When subsection (b) is read in conjunction with subsection (a), to which it specifically refers, it becomes clear that Section 753 merely allows a party who proceeded before a local agency under the terms of a particular statute the ability to raise the validity of that statute in an appeal or in a separate equitable action. See Arsenal Coal Company v. Department of Environmental Resources, 505 Pa. 198, 477 A.2d 1333 (1984) (interpreting Section 703(b) of the Administrative Agency Law, 2 Pa.C.S. § 703(b), which governs appeals from Commonwealth *172 agencies and contains language identical to that found in Section 753(b)). Nothing in Section 753 indicates that a party may collaterally attack, in another county no less, the merits of a tax assessment. As such, Section 753(b) does not confer jurisdiction upon the trial court.

Thus, the City's exclusive statutory remedy was to appeal to the Court of Common Pleas of Delaware County. As such, the trial court has no "power to enter upon the inquiry", and lacks subject matter jurisdiction as to the Terminal.

As to the Kitchen Building, "[i]f no appeal is taken from the assessment of taxes within the time allowed by law it becomes binding and conclusive . . . neither the common pleas nor an appellate court can afford any relief . . . This . . . constitutes a limitation of subject matter jurisdiction." Petition of Mausoleum Construction Company, 55 Pa.Commonwealth Ct. 504, 508, 423 A.2d 809, 811 (1980) (citation omitted). Even if the December 1989 letter from the Board constituted "a final determination", the City's exclusive statutory remedy, as stated above, was to appeal such determination to the Court of Common Pleas of Delaware County.

Accordingly, we reverse and dismiss the City's complaint for lack of subject matter jurisdiction.[6]

ORDER

AND NOW, January 29, 1993, the three companion orders of the Court of Common Pleas of Philadelphia County in the above-captioned matter are reversed and the complaint is dismissed.

NOTES

[1] By order of this court dated March 27, 1992, Senior Judge Blatt permitted this interlocutory appeal. Proceedings in the trial court were stayed pending this appeal.
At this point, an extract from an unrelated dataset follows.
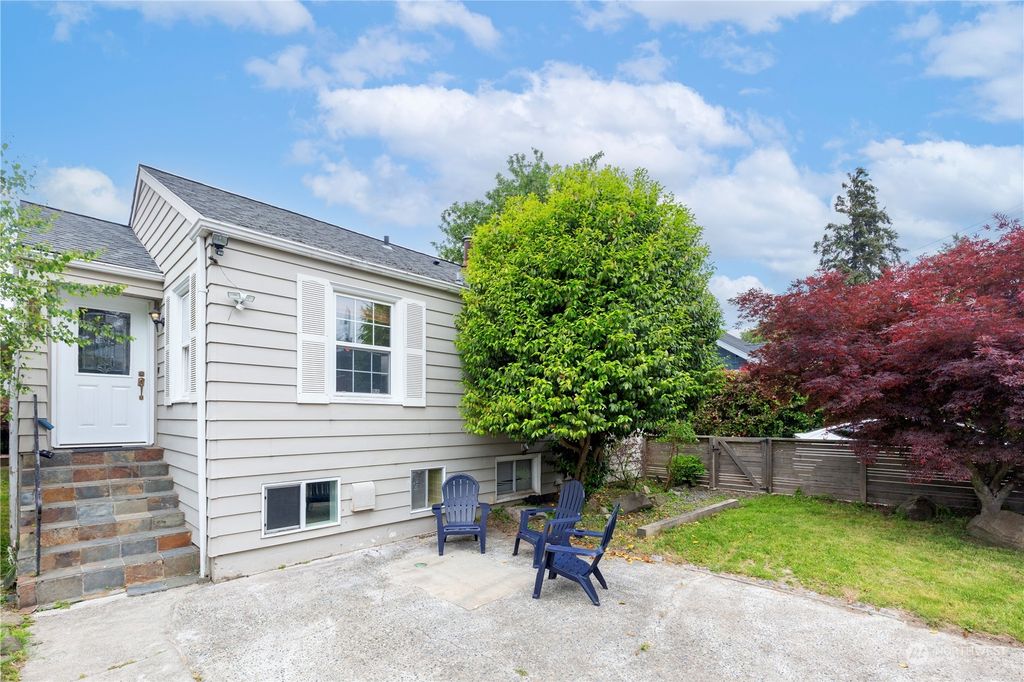 Photo of 6675 SW Beveridge Place, Seattle, WA 98136 (MLS # 2237657)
[2] Section 753(b) states, "[t]he remedy at law provided by subsection (a) shall not in any manner impair the right to equitable relief heretofore existing, and such right to equitable relief is hereby continued, notwithstanding the provisions of subsection (a)."

[3] The trial court based its conclusion on a December 1989 letter from the Board to the City which stated:

RE: United Airlines Inflight Kitchen . . . The above assessment is covered by an agreement . . . dated April 20, 1966 . . . It is the [Board's] decision that it is not empowered to adjust any assessments covered by this contract. Any adjustment to assessments covered by this contract has to be made by the parties signatory to the contract.

[4] Section 333 states, in pertinent part:

[a]ctions under Subchapter C of Chapter 85 (relating to actions against local parties) of Title 42 of the Pennsylvania Consolidated Statutes for claims against a local agency may be brought in and only in a county in which the local agency is located or in which the cause of action arose or where a transaction or occurrence took place out of which the cause of action arose.

[5] Our scope of review of a trial court's order overruling preliminary objections is limited to determining whether the trial court committed an error of law or abused its discretion. See Dickens v. Upper Chichester Township, 123 Pa.Commonwealth Ct. 226, 553 A.2d 510 (1989), rev'd on other grounds sub nom. Dickens v. Horner, 531 Pa. 127, 611 A.2d 693 (1992); Department of Labor and Industry, Office of Vocational Rehabilitation v. Pennsylvania Human Relations Commission, 118 Pa.Commonwealth Ct. 163, 545 A.2d 412 (1988).

[6] Our resolution of this issue makes unnecessary consideration of the venue issue.